- The Washington Times - Tuesday, September 25, 2001

D.C. officials projected yesterday that the city may be unable to balance its budget next year because of a decline in tax revenues from the hospitality industry and local income taxes following the attack on the Pentagon two weeks ago.
At an informal meeting about the future of the District following the sunset of the financial control board, members of the D.C. Council, the control board and a congressional oversight subcommittee said that lost revenue from restaurants, hotels and other businesses that depend on tourism will jeopardize the District's ability to serve its residents.
To counter deficits that could reinstate a control board, the city will have to make severe cuts, raise taxes or impose a type of commuter tax on Virginia and Maryland residents who work in the city.
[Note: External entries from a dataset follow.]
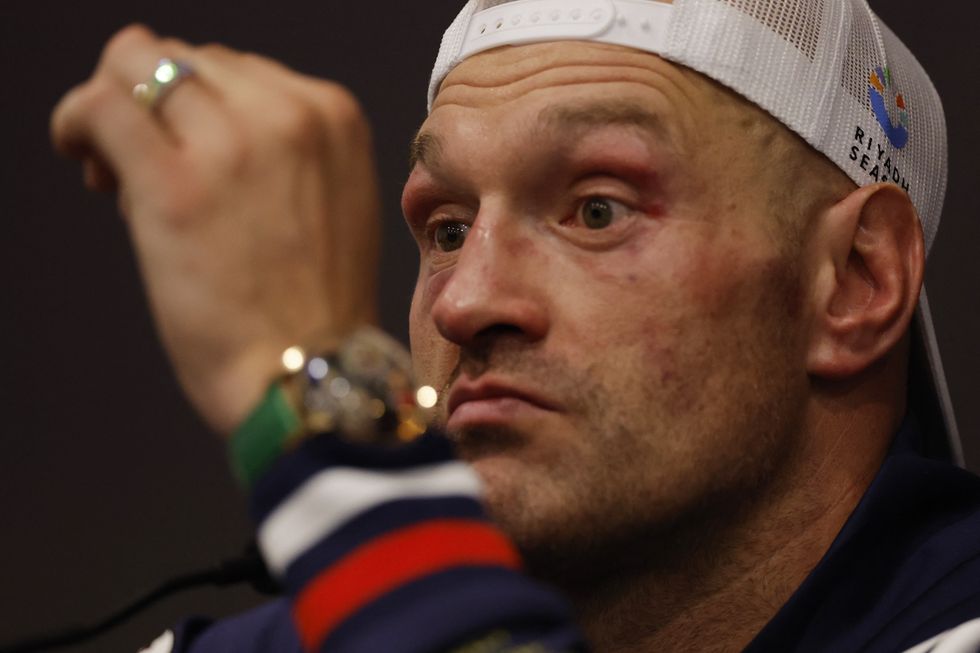 Tyson Fury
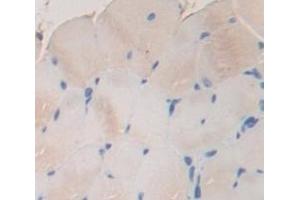 Immunohistochemistry (IHC) image for anti-Acetylcholinesterase (AChE) (AA 123-334) antibody (ABIN1174625)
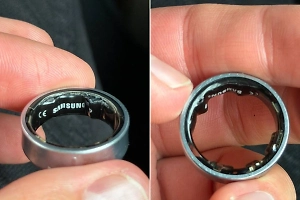  Популярный блогер чуть не лишился пальца из-за умного кольца от Samsung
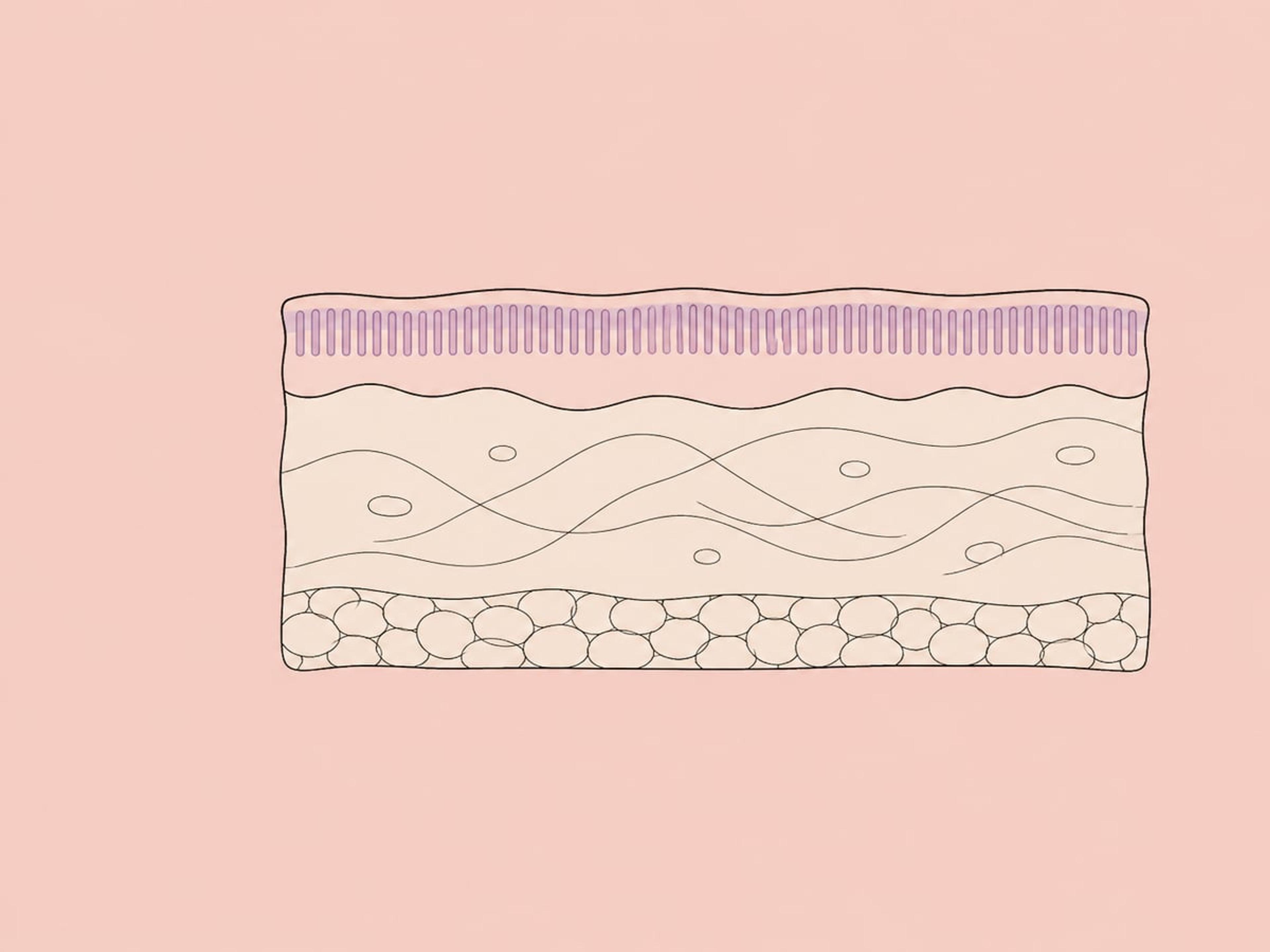 Fraktioniertes Thulium-Resurfacing mit 1.927 nm — illustration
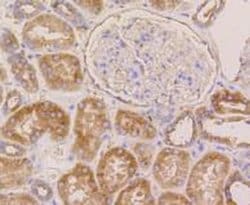 Invitrogen beta-5 Tubulin Recombinant Rabbit Monoclonal Antibody (SR25-04)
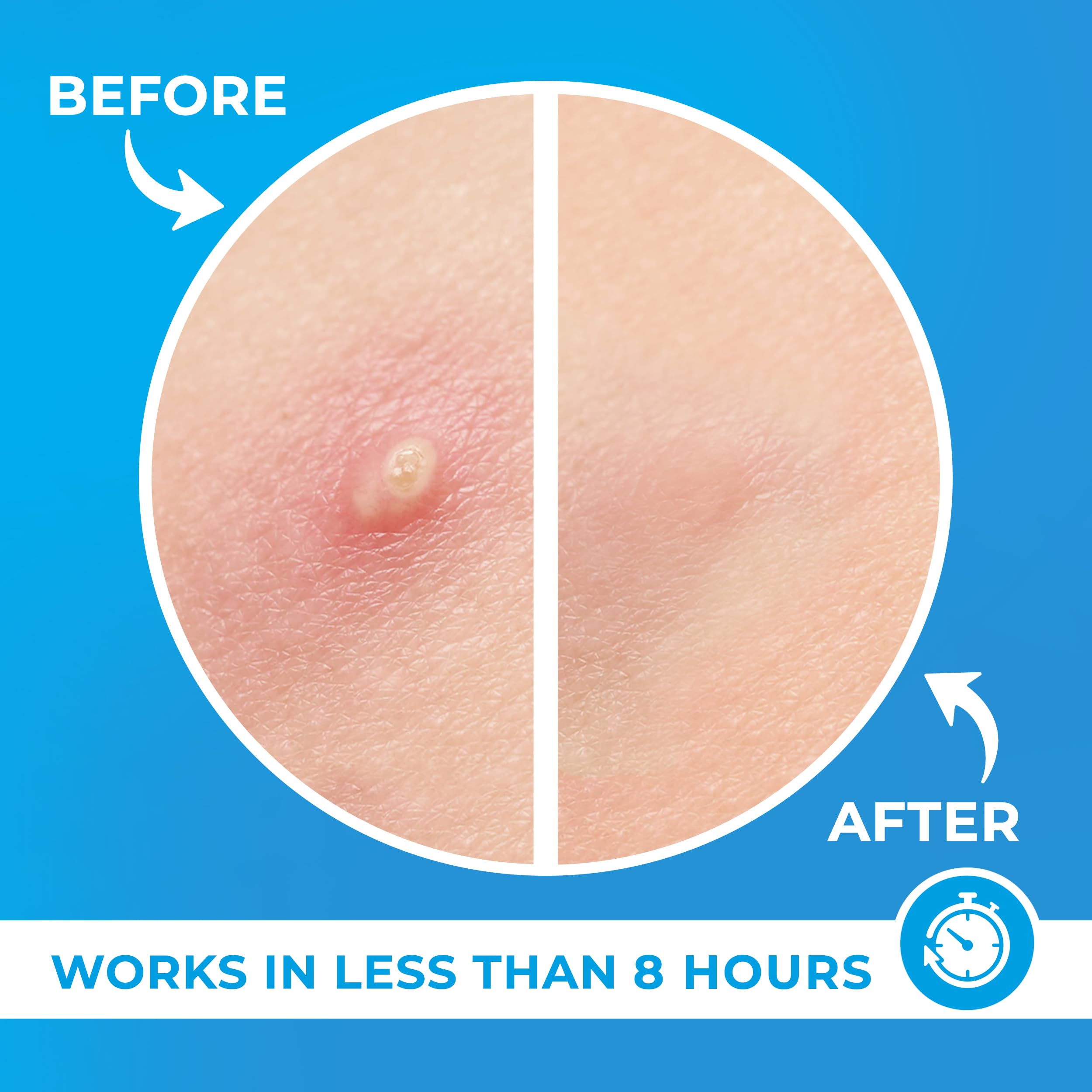 PatchRx Pimple Patches for Face (120 Patches), Hydrocolloid Acne Patches with Tea Tree Oil, Pimple Patch Pimple Stickers - Hydrocolloid Patch Acne Dots - Acne Pimple Patches For Face - Zit Patches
"We are faced with a precarious situation," said Ward 2 council member Jack Evans, a Democrat who heads the council's committee on finance and revenue. "There is a possibility of going into a deficit situation at the end of [fiscal] 2002. Our local congressmen have to do something, or we will certainly be in a deficit situation by [fiscal] 2003."
Congressional leaders so far have been cool to the idea of a commuter tax.
Mr. Evans said city leaders would ask for money to alleviate short- and long-term losses after they are determined. Already $16 million of federal money earmarked to alleviate the costs of the postponed World Bank/IMF meetings will be used to shore up emergency plans and deal with the costs of the attack. City leaders are also pressing for the reopening of Ronald Reagan Washington National Airport.
Mr. Evans estimates that the District will lose 5 percent of its tax revenue in fiscal 2002. The fiscal 2002 budget is $5.3 billion.
In the wake of the Sept. 11 attack on the Pentagon, a number of conventions, business travelers and tourists have canceled their trips to Washington, leaving hotels, restaurants and shops empty.
Mayor Anthony A. Williams said last week that the closure of Reagan Airport and the canceled trips could cost the city tens of millions in declining tax revenues from businesses and from employees who have been laid off.
Washington receives about 20 million visitors annually, and the hospitality sector is one of the engines of the D.C. economy, contributing almost $5 billion annually.
Russell Smith, staff director to the House of Representatives' District of Columbia subcommittee, said yesterday that Congress would have to look carefully at requests for more funds from the federal government.
"We don't want to write a blank check," he said. "The District has to make their case."
Mr. Smith said that a recent $80 million budget overrun in the school system's budget is "on people's radar."
He added that congressional leaders are considering instituting additional safeguards when the congressionally mandated control board dissolves on Sunday. He declined to elaborate on what form that might take but indicated it would mean more than a strengthened chief financial officer, a measure being considered in Congress.
Control board member Robert Watkins said any additional structure to safeguard the District's financial system is unnecessary but didn't dismiss the idea of someone "looking over things" in light of the budget overrun. D.C. Chief Financial Officer Natwar Gandhi told D.C. Council members yesterday that while the situation is serious, the overrun will not prevent the city from balancing its books or hurt its fiscal health as it enters fiscal 2002 on Oct. 1.
Michigan Republican Rep. Joe Knollenberg, head of the House subcommittee on D.C. appropriations, said through a spokesman that while the District's future is "bright," the city needs help moving in the right direction.
What structure might be put in place to safeguard the District "is still yet to be determined," he said.